The two of them now spend their leisure time in a huddle discussing whether to pick up special herbs and debating the scorch power of cheese (it's for a fire-breathing mouse, natch), the better to defeat the myriad of monsters that inhabit this fantasy world. Father's warrior instinct, normally subdued by Civil Service strictures, has also come to the fore. "Don't you go near that sea monster before I get back," he barks, leaving for the office.

Unlike the Japanese female robots with unfeasibly large breasts that father battles after the daughter is asleep, this game is not violent.

The hero fights with a boomerang, although I am concerned about Jessica, a recent addition to the fictional party, who wields a whip. She also has unfeasibly large breasts and has Sex Appeal as her personal speciality. One bat of her eyelids and monsters stop in their tracks. If she does the hustle dance they keel over. Hmmn.

Still, I guess that's educational too. It doesn't hurt to be able to stun a bloke at 30 paces and breasts are part of a woman's natural armoury. I haven't mentioned this specifically to the daughter but the issue was brought up unexpectedly the other day, for which Trinny and Susannah are to blame.

"Mu-um. What are big tits?" the daughter shouted through the bathroom door, where I was cogitating peacefully.

"What?" I shrieked, hoping I'd misheard and that she was enquiring after a species of garden bird.

"There's big ones. And small ones. And bare bottoms!" she sang triumphantly. I hurried out to find her perusing my copy of What Not To Wear, written in the fashion duo's breezily colloquial style and tastefully illustrated with black-and-white photographs of the aforementioned body parts. We sat and looked through it and discussed Flabby Tummies, Saddlebags, Thick Ankles and Short Necks, as well as the variety in breasts.

It turned out to be a useful experience. She now knows that real women as opposed to busty animated females come in all shapes and sizes. Plus, she knows how to dress for any occasion.

Moreover, she can kick monster ass. By which I mean Funghouls, Pink Pongos, Dancing Devils and their ilk, not big bums, you silly.

l MONSTERS of a smaller variety mini-beasts, as the world of invertebrates is now known, at least at primary-school level have been plaguing me all week.
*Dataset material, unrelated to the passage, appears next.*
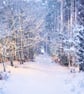 Shouldham Woods Snow Norfolk Christmas Greeting Card A5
The combination of hot weather and open windows means the house is crawling with scarily large beetles, moths, spiders, wasps and flies, as well as slugs, which have been sliding up the drain to suck up shampoo scum in the shower.

I had been picking them off gingerly and flushing them down the toilet, figuring they stood at least a fighting chance of survival, although I was worried about them sneaking back up and hiding under the loo seat.

Crunch time came literally after I stepped on one at night and skidded across the bathroom floor.

Against my ecological instincts the husband put down slug pellets, which has stopped their slimy antics but killed a few innocent snails as well.

Slug horror stories also abounded at the Friends' plant stall at Rowntree Park's 85th birthday party last Sunday, the best being from Mike, our chair, who admitted that, when he was a student living in digs, he'd once rolled home to find 36 of them refuelling on the living-room carpet.

At the end of a long, hot but successful afternoon we were left with a few unidentifiable cuttings and a slug trap on the stall, the kind you fill with beer.

I purloined it on the basis that, if I had to kill more of the little monsters, they would at least die happy.

I'd do the hustle dance if I thought it would work on them, but frankly I don't think an A cup will cut it.